The idea for this article was inspired by a tweet from WatchItPlayed’s Rodney Smith, while playing the game Roll For It: https://vine.co/v/hTMDn5BjJY7. In fact I just heard from Chris Leder (the designer of Roll For It), that he experienced the exact same luck on his first roll in an early prototype of the game. So what is the probability of rolling six different numbers on six dice? And are people justified in how surprised they are when they see this roll? Whether you are familiar with Roll For It or not, now is a great time to play a few rounds using the free online app at http://www.rollforitgame.com/online.html.

Before we get to the 15pt card from the video, let’s consider the 2pt card that is won by rolling two ones. What are the chances of winning this card, when you have only two dice to roll?
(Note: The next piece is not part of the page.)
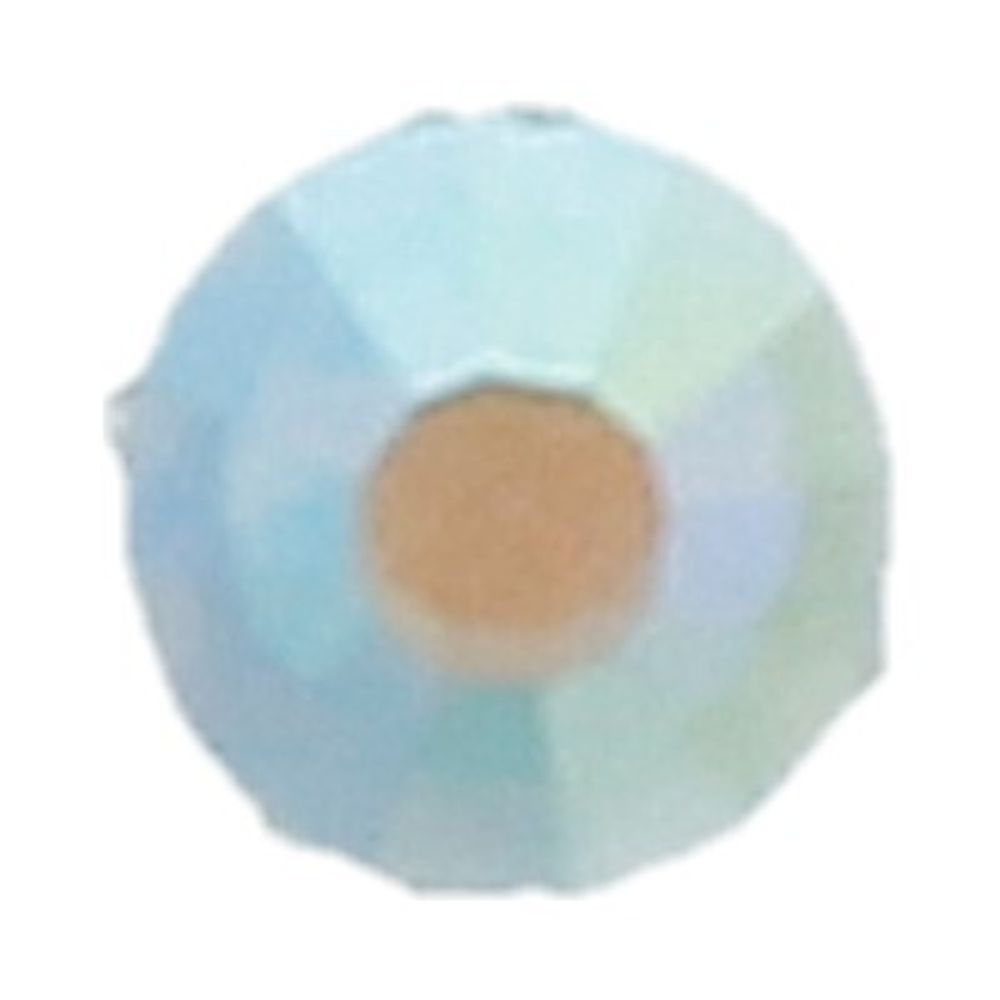 Стразы клеевые стекло 2.4 мм, 144 шт, SS08 перламутр (crystal АВ), Preciosa 438-11-612 i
Most gamers understand that the probability of rolling a one on a six sided die is 1/6. But we need to roll two ones to win this card. To help illustrate this, lets use the function P(x,y) to describe the probability of rolling at least x ones with y dice. So P(1,1) is the probability of rolling a one with a single die, or 1/6. And P(1,0) is the probability of rolling a one with zero dice. This is impossible, and we’ll call this P(x,y) = 0 whenever x > y. What we’d really like to calculate next is the probability of rolling two ones with two dice, or P(2,2). Note that I’m only using this P(x,y) function as a place holder for probabilities that still needs to be calculated. I don’t intend to derive or use any “magic” formulas for calculating this below.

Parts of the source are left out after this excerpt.